• WORK ORDER:
Your output must be the lines below from the line containing "Apple iPhone 17" to the line containing "Wings to Fly Inspirational White glossy mug", both lines included, reproduced exactly and without pictures.

---------- DATA FOR ANALYSIS

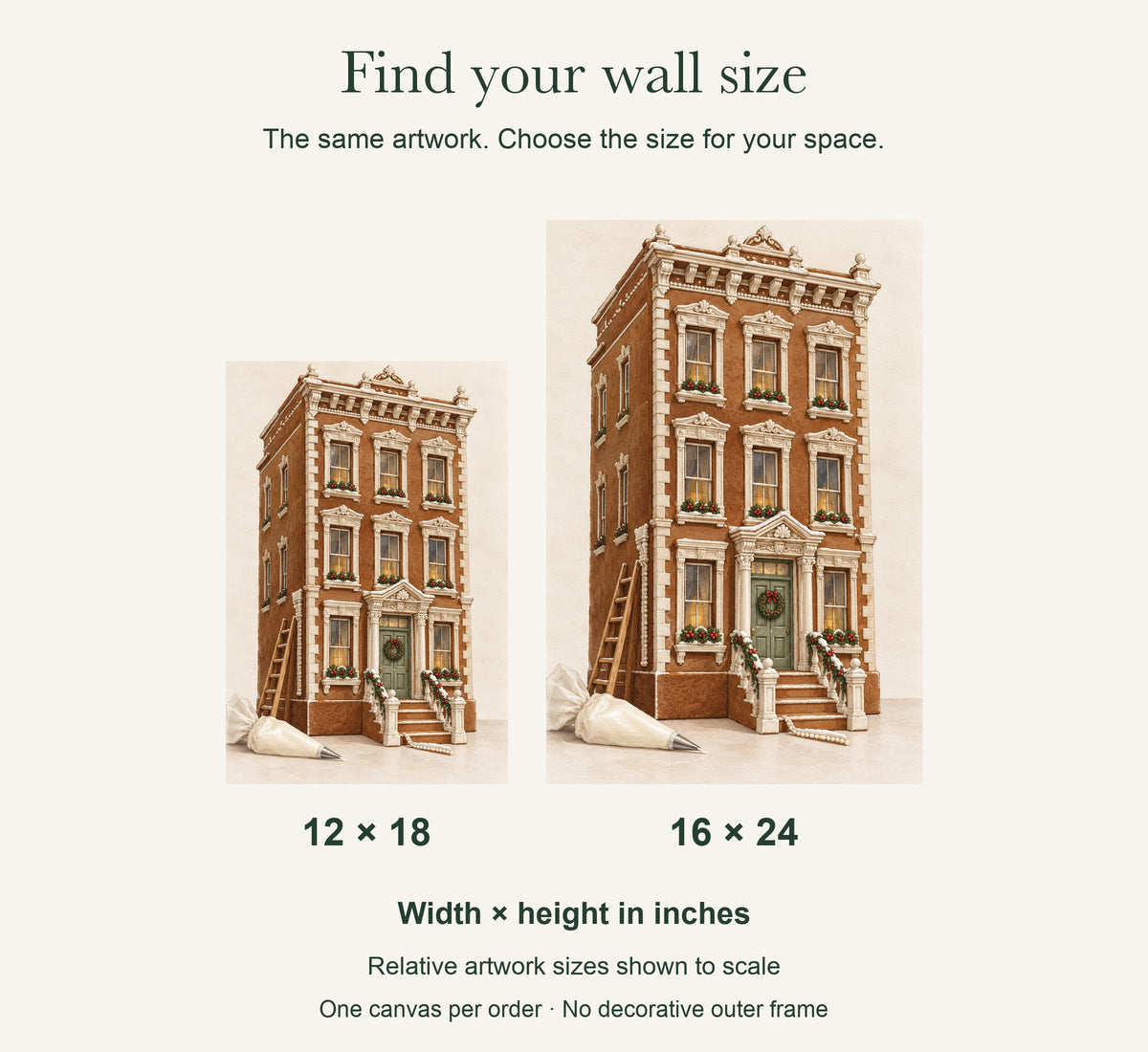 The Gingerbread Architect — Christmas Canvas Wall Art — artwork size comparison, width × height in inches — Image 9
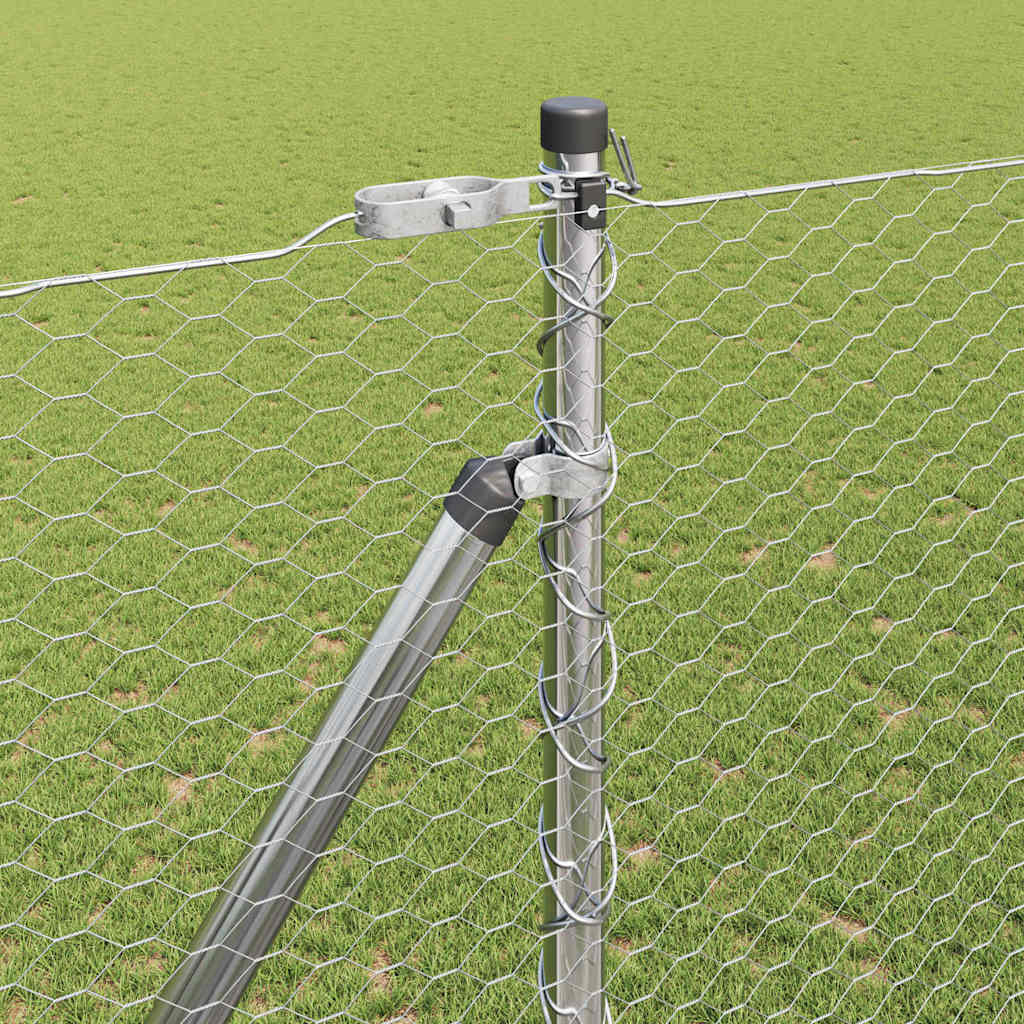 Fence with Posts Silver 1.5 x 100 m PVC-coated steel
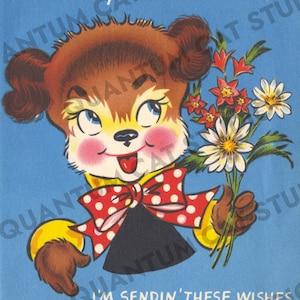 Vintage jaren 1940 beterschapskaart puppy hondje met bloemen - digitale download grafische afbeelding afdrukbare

--------------------
---------- DATA FOR ANALYSIS

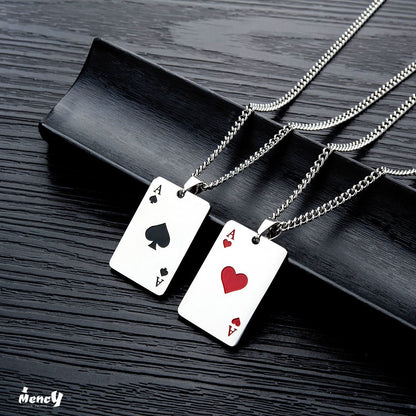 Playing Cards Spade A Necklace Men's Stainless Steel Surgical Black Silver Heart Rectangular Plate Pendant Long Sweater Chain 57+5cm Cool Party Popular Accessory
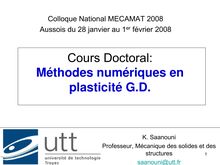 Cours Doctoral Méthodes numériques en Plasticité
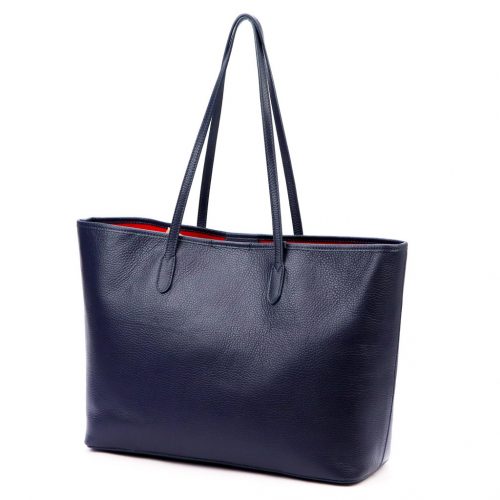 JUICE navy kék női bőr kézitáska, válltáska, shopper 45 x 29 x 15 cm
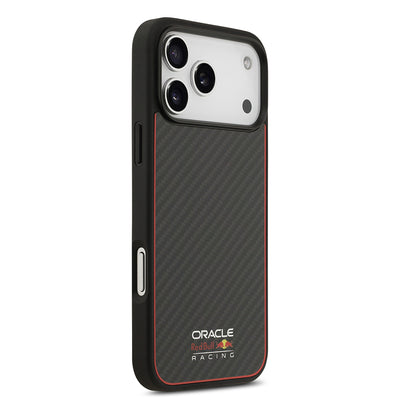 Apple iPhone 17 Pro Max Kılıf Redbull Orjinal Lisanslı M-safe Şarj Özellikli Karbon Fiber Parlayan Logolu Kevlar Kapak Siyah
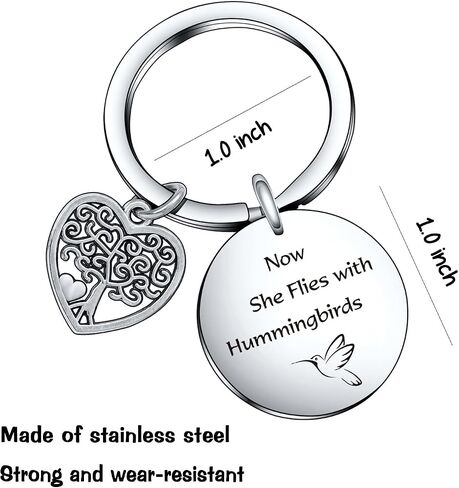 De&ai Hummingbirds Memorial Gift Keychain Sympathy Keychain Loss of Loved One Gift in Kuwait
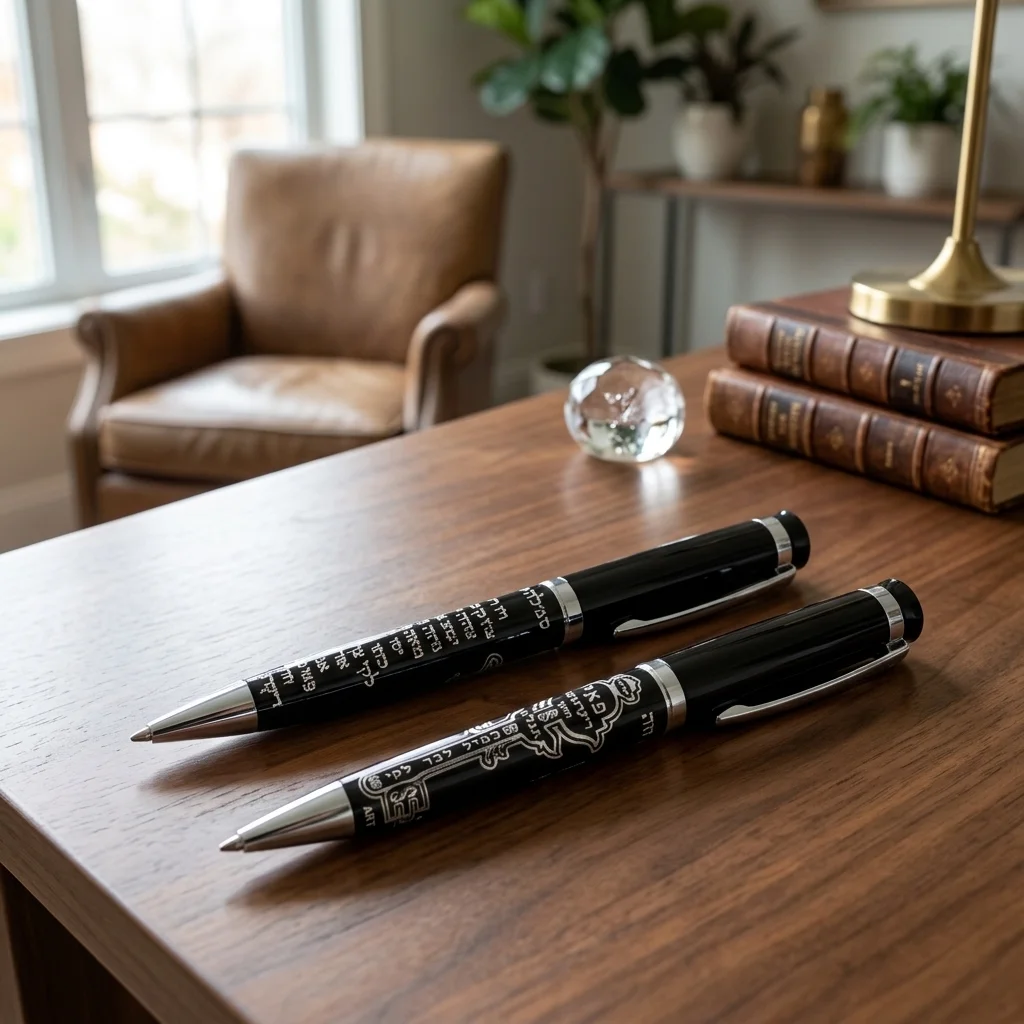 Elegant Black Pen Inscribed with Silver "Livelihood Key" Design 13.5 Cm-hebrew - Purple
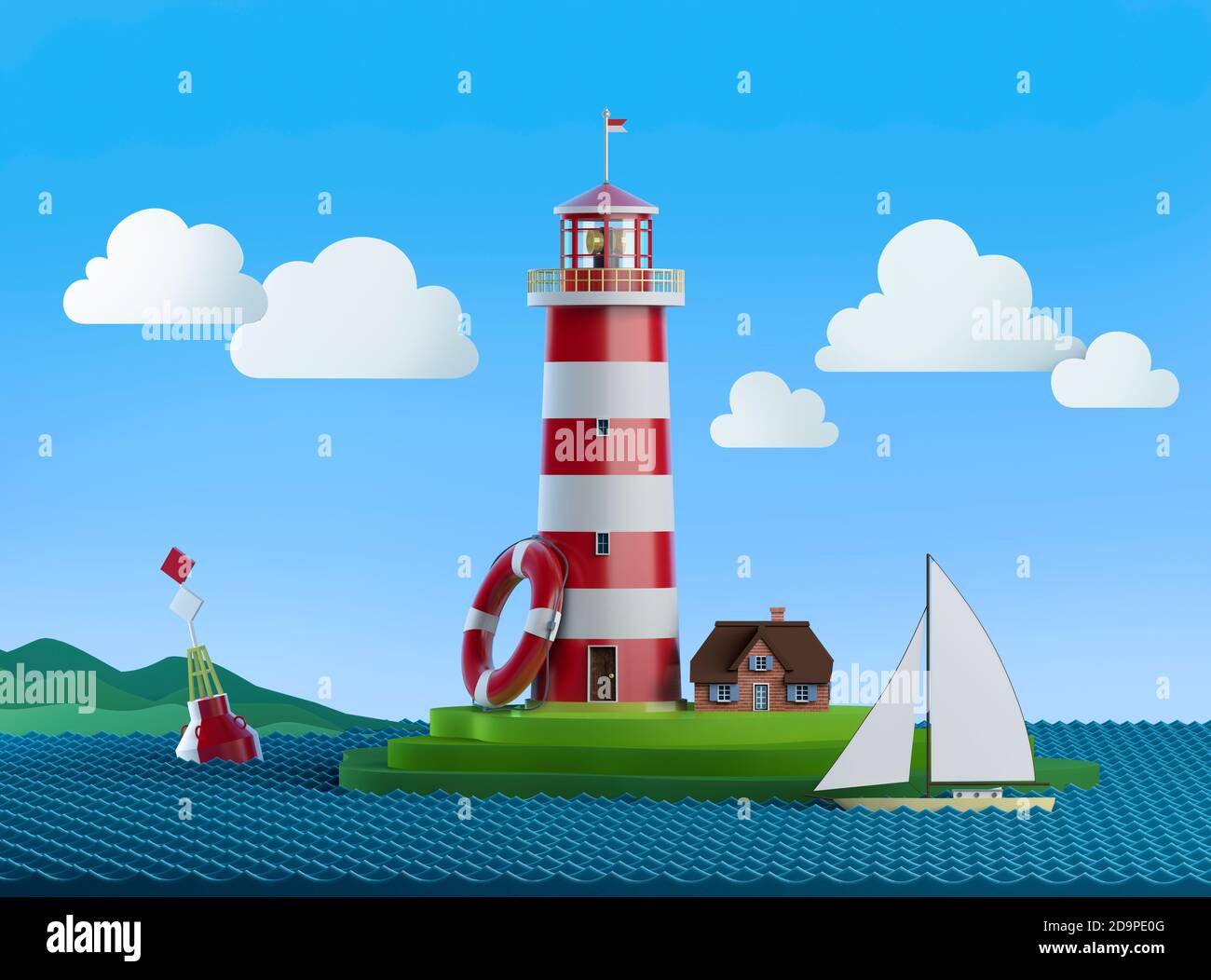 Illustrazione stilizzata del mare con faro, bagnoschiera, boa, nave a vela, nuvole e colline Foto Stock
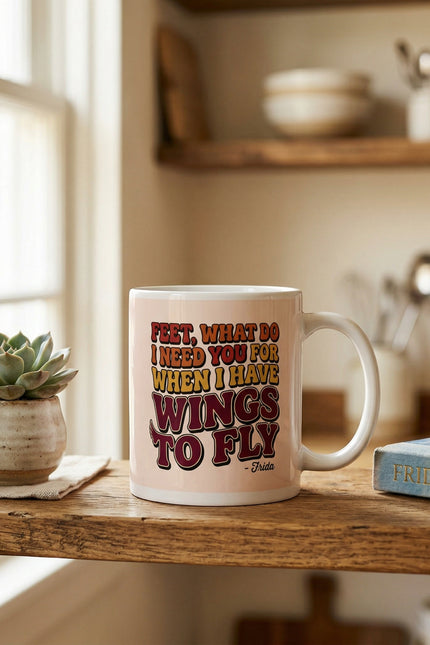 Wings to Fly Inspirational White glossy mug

--------------------

• EXERCISE RESULT:
 Apple iPhone 17 Pro Max Kılıf Redbull Orjinal Lisanslı M-safe Şarj Özellikli Karbon Fiber Parlayan Logolu Kevlar Kapak Siyah
 De&ai Hummingbirds Memorial Gift Keychain Sympathy Keychain Loss of Loved One Gift in Kuwait
 Elegant Black Pen Inscribed with Silver "Livelihood Key" Design 13.5 Cm-hebrew - Purple
 Illustrazione stilizzata del mare con faro, bagnoschiera, boa, nave a vela, nuvole e colline Foto Stock
 Wings to Fly Inspirational White glossy mug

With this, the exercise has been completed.